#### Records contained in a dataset
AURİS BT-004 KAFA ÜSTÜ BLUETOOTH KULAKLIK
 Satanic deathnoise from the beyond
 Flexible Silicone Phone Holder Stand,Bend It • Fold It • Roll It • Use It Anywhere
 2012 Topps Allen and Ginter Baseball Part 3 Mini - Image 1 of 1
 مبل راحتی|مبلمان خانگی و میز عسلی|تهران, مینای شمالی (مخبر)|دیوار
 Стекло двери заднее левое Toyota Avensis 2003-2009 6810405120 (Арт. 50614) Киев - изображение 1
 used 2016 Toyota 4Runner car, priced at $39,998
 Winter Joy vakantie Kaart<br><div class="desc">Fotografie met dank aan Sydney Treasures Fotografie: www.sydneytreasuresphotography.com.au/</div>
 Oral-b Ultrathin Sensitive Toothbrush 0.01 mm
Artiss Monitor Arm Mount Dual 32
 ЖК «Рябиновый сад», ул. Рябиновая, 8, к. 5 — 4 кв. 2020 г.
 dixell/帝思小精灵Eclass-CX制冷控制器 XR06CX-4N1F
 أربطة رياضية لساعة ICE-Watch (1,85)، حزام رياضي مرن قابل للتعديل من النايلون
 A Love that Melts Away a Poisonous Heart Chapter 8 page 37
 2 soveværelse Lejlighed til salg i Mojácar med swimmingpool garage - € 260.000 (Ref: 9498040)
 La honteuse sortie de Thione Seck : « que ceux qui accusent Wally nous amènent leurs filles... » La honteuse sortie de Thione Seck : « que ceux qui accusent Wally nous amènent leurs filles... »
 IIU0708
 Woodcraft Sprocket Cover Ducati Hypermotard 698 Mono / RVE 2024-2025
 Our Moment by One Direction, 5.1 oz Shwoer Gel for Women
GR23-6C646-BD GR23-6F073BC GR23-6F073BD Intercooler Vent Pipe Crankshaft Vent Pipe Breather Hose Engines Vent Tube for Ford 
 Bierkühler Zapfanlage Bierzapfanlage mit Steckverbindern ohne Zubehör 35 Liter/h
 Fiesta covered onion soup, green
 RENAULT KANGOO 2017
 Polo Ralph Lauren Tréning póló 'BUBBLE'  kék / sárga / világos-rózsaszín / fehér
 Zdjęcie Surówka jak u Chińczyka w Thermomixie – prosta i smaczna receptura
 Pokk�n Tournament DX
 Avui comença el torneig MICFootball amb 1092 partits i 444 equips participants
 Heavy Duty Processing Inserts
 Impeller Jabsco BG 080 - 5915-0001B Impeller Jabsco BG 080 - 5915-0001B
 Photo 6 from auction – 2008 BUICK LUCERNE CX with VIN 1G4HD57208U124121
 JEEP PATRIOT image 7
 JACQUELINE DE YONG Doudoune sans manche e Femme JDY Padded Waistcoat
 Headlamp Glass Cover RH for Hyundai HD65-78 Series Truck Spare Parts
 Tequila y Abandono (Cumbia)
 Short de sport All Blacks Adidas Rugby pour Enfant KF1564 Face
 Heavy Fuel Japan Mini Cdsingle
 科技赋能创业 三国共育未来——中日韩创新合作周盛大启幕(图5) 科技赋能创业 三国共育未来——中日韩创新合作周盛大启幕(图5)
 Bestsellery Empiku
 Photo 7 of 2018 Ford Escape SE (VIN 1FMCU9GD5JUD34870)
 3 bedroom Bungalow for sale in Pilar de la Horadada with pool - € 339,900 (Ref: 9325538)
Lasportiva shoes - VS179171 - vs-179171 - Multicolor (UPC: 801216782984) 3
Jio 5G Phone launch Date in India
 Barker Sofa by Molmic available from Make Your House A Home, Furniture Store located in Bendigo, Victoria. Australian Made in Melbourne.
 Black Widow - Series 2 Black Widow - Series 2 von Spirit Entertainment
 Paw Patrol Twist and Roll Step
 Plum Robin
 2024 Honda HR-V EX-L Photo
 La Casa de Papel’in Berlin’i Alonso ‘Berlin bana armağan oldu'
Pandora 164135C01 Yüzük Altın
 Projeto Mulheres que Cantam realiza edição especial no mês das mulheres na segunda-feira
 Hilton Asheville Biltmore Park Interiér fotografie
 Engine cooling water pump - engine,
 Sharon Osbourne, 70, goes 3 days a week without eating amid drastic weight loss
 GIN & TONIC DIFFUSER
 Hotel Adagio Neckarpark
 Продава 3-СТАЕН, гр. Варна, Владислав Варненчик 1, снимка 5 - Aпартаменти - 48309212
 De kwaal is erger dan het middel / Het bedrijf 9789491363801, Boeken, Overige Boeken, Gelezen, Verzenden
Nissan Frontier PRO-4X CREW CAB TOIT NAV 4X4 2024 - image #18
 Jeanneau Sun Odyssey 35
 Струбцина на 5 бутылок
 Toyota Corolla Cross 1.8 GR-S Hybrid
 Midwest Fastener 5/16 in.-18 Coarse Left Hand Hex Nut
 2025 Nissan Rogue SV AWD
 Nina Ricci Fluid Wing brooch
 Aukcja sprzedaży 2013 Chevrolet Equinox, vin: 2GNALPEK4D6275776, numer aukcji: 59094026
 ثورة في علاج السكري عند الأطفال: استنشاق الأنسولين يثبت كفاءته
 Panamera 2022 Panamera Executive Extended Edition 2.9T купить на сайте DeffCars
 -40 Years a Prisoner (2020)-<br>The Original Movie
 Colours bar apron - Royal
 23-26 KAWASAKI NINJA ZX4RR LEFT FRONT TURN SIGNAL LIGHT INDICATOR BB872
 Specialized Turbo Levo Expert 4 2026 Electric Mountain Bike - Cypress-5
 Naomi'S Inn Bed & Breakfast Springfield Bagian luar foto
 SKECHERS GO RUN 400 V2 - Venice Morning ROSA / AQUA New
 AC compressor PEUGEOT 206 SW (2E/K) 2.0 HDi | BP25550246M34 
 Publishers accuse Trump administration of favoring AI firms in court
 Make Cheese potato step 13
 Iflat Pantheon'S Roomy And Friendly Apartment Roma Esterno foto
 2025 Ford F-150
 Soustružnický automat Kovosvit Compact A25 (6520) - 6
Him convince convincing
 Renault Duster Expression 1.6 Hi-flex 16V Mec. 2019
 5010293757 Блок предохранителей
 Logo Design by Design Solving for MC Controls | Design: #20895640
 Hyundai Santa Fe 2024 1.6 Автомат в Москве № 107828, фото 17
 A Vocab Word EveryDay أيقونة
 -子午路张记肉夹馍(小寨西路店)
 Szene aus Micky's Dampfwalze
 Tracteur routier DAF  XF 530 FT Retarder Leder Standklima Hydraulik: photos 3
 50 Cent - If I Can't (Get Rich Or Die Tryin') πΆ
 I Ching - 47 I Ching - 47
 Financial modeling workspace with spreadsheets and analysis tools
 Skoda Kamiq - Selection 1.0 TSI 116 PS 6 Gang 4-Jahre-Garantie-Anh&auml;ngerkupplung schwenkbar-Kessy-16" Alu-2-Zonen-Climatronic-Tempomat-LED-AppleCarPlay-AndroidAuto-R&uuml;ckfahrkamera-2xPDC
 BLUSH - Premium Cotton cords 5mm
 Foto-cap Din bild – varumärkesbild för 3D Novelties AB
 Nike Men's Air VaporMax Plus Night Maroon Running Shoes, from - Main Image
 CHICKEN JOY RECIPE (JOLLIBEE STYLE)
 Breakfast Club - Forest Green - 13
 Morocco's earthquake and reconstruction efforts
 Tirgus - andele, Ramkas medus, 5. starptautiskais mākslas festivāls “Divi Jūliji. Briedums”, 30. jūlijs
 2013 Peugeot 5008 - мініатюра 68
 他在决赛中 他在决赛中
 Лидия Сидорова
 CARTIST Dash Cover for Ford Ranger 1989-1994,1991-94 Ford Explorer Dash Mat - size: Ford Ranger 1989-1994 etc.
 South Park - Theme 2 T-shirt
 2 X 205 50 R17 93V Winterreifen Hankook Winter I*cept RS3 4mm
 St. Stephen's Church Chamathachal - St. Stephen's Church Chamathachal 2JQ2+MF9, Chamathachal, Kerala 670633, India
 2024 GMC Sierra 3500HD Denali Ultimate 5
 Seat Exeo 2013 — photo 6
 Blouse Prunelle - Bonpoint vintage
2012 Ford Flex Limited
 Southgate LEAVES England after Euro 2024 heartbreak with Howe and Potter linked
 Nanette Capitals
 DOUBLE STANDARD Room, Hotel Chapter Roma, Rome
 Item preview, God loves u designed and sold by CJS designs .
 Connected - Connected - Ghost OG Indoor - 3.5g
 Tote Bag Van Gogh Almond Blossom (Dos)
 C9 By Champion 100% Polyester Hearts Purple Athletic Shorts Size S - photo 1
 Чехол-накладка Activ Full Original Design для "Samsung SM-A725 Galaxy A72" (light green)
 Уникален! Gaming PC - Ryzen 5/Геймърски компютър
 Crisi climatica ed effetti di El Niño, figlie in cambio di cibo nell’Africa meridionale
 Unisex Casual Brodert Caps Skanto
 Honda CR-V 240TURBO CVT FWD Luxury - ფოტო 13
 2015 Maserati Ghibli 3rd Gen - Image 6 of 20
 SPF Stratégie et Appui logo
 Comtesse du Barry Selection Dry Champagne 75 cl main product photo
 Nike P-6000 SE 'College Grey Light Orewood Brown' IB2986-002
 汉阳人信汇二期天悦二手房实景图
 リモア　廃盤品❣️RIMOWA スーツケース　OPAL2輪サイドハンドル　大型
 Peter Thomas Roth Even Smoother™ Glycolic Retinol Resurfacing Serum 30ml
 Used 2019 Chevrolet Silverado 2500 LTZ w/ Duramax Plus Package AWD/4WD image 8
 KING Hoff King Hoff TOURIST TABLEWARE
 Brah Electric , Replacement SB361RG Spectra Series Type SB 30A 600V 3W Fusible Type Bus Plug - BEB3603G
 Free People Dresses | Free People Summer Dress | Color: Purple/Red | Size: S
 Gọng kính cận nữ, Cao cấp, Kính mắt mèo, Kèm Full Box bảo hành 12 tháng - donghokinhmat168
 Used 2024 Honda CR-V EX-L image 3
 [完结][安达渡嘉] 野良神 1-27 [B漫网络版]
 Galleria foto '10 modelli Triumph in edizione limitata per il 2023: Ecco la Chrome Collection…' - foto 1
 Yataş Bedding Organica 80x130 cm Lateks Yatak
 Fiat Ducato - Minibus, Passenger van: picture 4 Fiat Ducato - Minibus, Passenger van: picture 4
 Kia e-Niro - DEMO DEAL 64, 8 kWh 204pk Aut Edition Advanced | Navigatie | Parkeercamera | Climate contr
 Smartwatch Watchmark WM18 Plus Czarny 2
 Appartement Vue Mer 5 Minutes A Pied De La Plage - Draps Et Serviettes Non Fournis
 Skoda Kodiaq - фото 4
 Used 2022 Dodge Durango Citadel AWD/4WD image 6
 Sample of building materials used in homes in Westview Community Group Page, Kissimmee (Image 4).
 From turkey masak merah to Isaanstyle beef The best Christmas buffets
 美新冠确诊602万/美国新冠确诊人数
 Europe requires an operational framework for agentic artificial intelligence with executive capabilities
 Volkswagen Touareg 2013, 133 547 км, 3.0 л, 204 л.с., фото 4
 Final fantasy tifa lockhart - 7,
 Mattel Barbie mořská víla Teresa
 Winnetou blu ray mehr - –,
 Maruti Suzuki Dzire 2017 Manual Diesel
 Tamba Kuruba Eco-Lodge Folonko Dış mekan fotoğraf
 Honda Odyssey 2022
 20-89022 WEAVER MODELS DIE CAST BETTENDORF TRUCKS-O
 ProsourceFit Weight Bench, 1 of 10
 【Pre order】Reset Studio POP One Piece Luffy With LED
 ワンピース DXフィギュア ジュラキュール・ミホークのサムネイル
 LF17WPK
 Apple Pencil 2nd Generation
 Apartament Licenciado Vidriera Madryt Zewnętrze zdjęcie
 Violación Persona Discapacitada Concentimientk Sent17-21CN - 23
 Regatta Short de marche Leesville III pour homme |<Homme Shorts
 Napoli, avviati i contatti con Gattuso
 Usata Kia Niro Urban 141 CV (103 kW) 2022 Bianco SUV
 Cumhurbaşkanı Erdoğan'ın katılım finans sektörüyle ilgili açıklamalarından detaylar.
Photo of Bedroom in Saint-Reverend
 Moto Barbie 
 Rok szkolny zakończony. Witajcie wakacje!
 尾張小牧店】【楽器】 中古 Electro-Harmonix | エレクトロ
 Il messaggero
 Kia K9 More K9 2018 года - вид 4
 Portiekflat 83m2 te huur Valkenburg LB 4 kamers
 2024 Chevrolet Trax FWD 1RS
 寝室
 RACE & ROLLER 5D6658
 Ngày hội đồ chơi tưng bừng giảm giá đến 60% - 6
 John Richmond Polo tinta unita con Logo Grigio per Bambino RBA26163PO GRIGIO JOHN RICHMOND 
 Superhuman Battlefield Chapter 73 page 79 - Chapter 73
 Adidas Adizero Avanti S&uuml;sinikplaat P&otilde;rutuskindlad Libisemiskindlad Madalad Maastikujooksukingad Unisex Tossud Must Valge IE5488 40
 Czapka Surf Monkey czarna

#### What the exercise asks
The lines of the data, from the first through the one containing "Winter Joy vakantie", are to be transcribed exactly.

#### Exercise response
AURİS BT-004 KAFA ÜSTÜ BLUETOOTH KULAKLIK
 Satanic deathnoise from the beyond
 Flexible Silicone Phone Holder Stand,Bend It • Fold It • Roll It • Use It Anywhere
 2012 Topps Allen and Ginter Baseball Part 3 Mini - Image 1 of 1
 مبل راحتی|مبلمان خانگی و میز عسلی|تهران, مینای شمالی (مخبر)|دیوار
 Стекло двери заднее левое Toyota Avensis 2003-2009 6810405120 (Арт. 50614) Киев - изображение 1
 used 2016 Toyota 4Runner car, priced at $39,998
 Winter Joy vakantie Kaart<br><div class="desc">Fotografie met dank aan Sydney Treasures Fotografie: www.sydneytreasuresphotography.com.au/</div>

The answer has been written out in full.